Arthur Ralph Mondella was named after his grandfather Arthur and his father, Ralph. The family came from Naples, though Ralph was born in America. In Italy, Arthur, senior, had been a baker, and he wanted to get out of that business because he did not like working seven days a week. He and Ralph began making maraschino cherries in a small factory on Henry Street, in Carroll Gardens. The cherries, which traditionally embellish ice-cream sundaes and cocktails, were not steeped in maraschino, the Italian wild-cherry liqueur. (Since Prohibition, most maraschino cherries have not contained maraschino.) Instead, the Mondellas used a secret recipe involving sugar, citric acid, red coloring, and a curing process that never subjected the fruit to hot water. The cold-water-only approach preserves the cherries’ crunch, the family says. All of the production was small-batch and hand-done. The hours turned out to be just as long as those in a bakery.
Arthur, of the second American generation of the family, was born in 1957. He grew up in Bay Ridge, attended Xavierian High School, and got a full scholarship to New York University. After graduating with a degree in finance he went to Wall Street, where he found a job with an investment firm. He did not want to work in the cherry factory at all, but in 1983 his father had a heart attack and Arthur set aside his financial career to take over the company.
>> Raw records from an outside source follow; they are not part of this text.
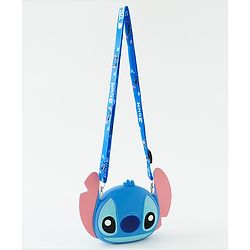 Babyhug Sling Bags With Lilo & Stitch Graphics - Blue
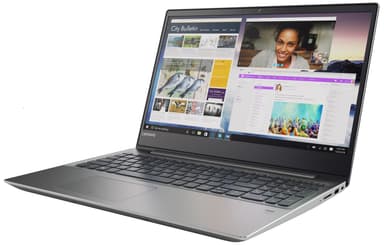 Lenovo Ideapad 720 15,6" bærbar PC (mineralgrå)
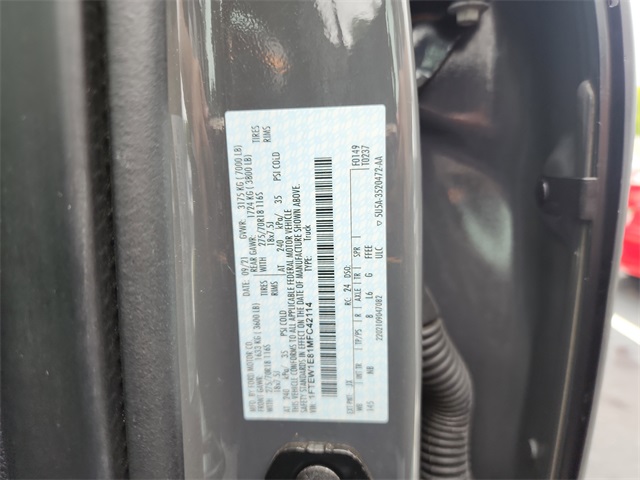 2021 Ford F-150 Tremor photo 32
Arthur, senior, was long dead by then. When Arthur, the grandson, examined with an ex-Wall Streeter’s eye the company he had inherited, he saw room for improvement. In the nineteen-seventies it had moved from Carroll Gardens to Dikeman Street, in Red Hook. Mondella set about expanding that location into two adjacent buildings, and eventually the factory occupied a total floor space of thirty-eight thousand square feet. He scaled up what had been essentially a mom-and-pop operation; his mother and his sister, Joanne, worked there, too, but he ran the show, increasing production capacity and acquiring large-volume food-service clients. In 2014, he made a seven-million-dollar investment in automation so that one day the place would “run itself,” as he told his daughters.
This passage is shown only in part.